Now, when the warden asks the first person to say a color, or in our new interpretation, a 0 or a 1, he simply calls out the label of the sequence he sees. Given this information, everyone after him can determine exactly what his own hat color is. The second person sees all but the first digit of the sequence that the first person sees. Thus, as far as he knows, there are two possible sequences the first person could have been labeling: one starting with a 0, and one starting with a 1. Because of our labeling scheme, these two sequences would receive opposite labels, so based on what the first person says, the second person can determine which of the two possible strings the first person saw, and thus he can determine his own hat color. Similarly, every later person in the line knows every digit of the sequence except the one corresponding to his own hat color. He knows those before him because they were called out, and those after him because he can see them. With this information, he can use the label called out by the first person to determine his own hat color. Thus, everyone except the first person always guesses correctly.

==Ebert's version and Hamming codes==

===Description===

Ebert's version of the problem states that all players who guess must guess at the same predetermined time, but that not all players are required to guess. Now not all players can guess correctly, so the players win if at least one player guesses and all of those who guess do so correctly. How can the players maximise their chance of winning?

===Solution===

One strategy for solving this version of the hat problem employs Hamming codes, which are commonly used to detect and correct errors in data transmission. The probability for winning will be much higher than 50%, depending on the number of players in the puzzle configuration: for example, a winning probability of 87.5% for 7 players.

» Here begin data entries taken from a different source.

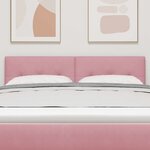 vidaXL Tête de lit LED avec des lumières à LED Rose 160 cm Polyester
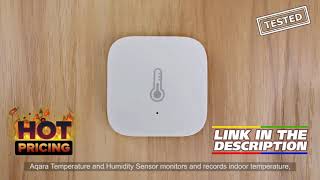 Aqara Temperature Humidity Sensor Zigbee Smart Air Pressure price review  Aliexpress [upl. by Zerla]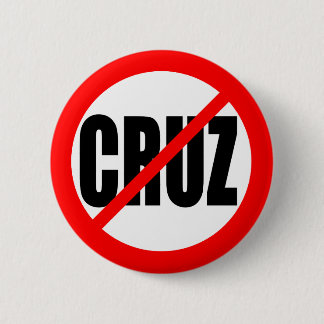 "KEIN CRUZ" 2,25 Zoll Button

Similar strategies can be applied to team sizes of N = 2^{k}−1 and achieve a win rate (2^{k}-1)/2^{k}. Thus the Hamming code strategy yields greater win rates for larger values of N.

In this version of the problem, any individual guess has a 50% chance of being right. However, the Hamming code approach works by concentrating wrong guesses together onto certain distributions of hats. For some cases, all the players will guess incorrectly; whereas for the other cases, only one player will guess, but correctly. While half of all guesses are still incorrect, this results in the players winning more than 50% of the time.

A simple example of this type of solution with three players is instructive. With three players, there are eight possibilities; in two of them all players have the same colour hat, and in the other six, two players have one colour and the other player has the other colour.

The players can guarantee that they win in the latter cases (75% of the time) with the following strategy:
1. Any player who observes two hats of two different colours remains silent.
2. Any player who observes two hats of the same colour guesses the opposite colour.

In the two cases when all three players have the same hat colour, they will all guess incorrectly. But in the other six cases, only one player will guess, and correctly, that his hat is the opposite of his fellow players'.